Are tanning beds safer than the sun?

Most skin cancers are caused by harmful UV radiation, which we encounter from the sun or if you tan indoors using a tanning bed.  There are two types of UV radiation that can reach the skin, UVA, and UVB.  Understanding the differences between them will explain why a tanning bed is not safer than the sun. 

Sunlamps in tanning beds emit UVA radiation.  UVA radiation causes the skin to darken or tan whereas UVB causes the skin to burn.  The problem is, UVA rays penetrate to deeper skin layers than do UVB rays and therefore are a major cause of cell DNA damage and mutations which lead to skin cancer, skin aging, and dark skin spots.  UVB rays in addition to burning the skin, can also lead to skin cancer and aging but since they do not penetrate as deeply as UVA rays into the dermis, causing a bit less damage.

Does Light Intensity and Time Control Make a Difference?

Some experts argue that artificial tanning is less dangerous because the intensity of light and the time spent tanning in beds are controlled. There is limited evidence to support these claims.
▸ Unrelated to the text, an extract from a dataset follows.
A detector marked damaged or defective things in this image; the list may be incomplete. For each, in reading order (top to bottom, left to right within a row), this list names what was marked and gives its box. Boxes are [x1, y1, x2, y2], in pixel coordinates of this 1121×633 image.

On the other hand, tanning beds may be more dangerous than the sun because they can be used at the same intensity every day of the year — something that is unlikely for the sun because of winter weather and cloud cover. They can also be more dangerous because people can expose their entire bodies at each session, which would be difficult to do outdoors.

I don’t recommend it, but if you use indoor tanning equipment, follow these steps to reduce the dangers of UV exposure:

  • Wear the goggles provided. Make sure they are in good repair with no cracks.  They should fit snugly (UV radiation can cause eye burns and cancer).
  • Start slowly and use short exposure times to build up a tan over time.  Using the maximum exposure time the first visit can lead to a burn and sunburns lead to an increased risk of melanoma.
  • Follow manufacturer-recommended exposure times on the label for your skin type.
  • Stick to your time limit.
  • After a tan is developed, tan no more than once a week.
  • Know that even ONE tanning bed session before the age of 35 DOUBLES your risk for developing MELANOMA, a skin cancer that can be deadly.